Source data

****************************************

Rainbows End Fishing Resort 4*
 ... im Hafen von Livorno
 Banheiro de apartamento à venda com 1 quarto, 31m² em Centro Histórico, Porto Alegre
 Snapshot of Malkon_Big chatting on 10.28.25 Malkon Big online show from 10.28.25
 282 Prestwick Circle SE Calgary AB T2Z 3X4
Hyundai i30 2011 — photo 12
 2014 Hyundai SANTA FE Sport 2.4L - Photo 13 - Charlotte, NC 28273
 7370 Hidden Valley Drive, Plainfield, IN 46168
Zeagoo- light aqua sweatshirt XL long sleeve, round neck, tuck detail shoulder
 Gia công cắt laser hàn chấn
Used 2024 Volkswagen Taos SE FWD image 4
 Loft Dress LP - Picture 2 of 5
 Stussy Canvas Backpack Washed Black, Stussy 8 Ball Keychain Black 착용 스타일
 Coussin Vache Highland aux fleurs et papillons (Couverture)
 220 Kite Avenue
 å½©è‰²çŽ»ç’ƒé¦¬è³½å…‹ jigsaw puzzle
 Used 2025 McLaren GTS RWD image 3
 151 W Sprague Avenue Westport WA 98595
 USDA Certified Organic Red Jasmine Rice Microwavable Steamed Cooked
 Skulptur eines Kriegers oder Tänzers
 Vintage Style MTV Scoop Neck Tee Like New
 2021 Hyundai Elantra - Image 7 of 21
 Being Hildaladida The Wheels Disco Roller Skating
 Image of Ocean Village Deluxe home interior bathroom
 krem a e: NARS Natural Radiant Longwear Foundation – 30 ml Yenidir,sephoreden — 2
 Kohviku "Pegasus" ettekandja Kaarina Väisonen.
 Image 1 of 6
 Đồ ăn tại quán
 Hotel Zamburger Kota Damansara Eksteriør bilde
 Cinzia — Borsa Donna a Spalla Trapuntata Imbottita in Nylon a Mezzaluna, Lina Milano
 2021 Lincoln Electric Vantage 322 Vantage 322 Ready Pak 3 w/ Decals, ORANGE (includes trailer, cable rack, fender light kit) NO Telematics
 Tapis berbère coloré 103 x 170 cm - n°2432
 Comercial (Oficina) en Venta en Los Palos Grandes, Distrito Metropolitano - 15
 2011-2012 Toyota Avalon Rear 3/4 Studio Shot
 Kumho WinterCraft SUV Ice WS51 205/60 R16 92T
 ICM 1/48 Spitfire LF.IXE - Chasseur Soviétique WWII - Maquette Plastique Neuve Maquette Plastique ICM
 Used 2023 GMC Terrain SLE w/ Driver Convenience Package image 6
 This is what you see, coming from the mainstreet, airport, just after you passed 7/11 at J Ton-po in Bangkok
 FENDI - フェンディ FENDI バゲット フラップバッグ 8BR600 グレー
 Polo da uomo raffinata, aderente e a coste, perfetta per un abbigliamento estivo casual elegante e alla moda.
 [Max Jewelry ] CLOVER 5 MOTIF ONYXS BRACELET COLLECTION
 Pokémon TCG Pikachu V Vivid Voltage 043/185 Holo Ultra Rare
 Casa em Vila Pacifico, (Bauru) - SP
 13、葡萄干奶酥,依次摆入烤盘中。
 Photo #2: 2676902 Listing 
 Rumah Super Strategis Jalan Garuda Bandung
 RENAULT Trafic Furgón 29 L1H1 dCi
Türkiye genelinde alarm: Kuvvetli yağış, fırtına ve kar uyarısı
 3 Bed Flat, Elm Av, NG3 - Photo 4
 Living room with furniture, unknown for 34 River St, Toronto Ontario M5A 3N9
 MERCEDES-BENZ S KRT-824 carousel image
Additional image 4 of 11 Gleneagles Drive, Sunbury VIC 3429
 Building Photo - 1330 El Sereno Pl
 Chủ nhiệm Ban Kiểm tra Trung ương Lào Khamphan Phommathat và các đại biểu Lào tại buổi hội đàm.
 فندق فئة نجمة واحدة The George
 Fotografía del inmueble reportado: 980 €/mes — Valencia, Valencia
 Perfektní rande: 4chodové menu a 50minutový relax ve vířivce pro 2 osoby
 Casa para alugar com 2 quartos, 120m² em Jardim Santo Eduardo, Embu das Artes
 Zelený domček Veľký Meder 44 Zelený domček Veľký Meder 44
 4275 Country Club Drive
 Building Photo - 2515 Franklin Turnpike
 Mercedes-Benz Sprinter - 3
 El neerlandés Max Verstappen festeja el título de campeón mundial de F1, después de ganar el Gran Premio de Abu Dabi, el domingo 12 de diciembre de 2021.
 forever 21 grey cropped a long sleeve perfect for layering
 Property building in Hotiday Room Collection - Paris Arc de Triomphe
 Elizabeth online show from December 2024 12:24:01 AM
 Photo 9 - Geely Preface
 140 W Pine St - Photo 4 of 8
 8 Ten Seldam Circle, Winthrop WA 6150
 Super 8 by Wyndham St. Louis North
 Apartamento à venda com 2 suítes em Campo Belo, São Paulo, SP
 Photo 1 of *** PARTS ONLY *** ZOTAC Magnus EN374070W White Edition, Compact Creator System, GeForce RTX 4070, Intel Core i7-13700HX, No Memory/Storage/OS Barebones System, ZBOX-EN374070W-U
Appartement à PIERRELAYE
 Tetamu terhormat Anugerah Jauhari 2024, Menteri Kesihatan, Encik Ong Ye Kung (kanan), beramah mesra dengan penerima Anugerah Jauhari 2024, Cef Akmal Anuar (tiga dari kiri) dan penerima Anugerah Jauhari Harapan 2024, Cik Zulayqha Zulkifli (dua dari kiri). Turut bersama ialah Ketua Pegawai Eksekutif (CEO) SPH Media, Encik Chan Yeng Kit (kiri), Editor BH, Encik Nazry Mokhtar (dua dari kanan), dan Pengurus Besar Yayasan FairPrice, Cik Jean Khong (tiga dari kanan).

****************************************

Pull out each line of the entries that contains "Circle".

Solution to this problem:
 282 Prestwick Circle SE Calgary AB T2Z 3X4
 8 Ten Seldam Circle, Winthrop WA 6150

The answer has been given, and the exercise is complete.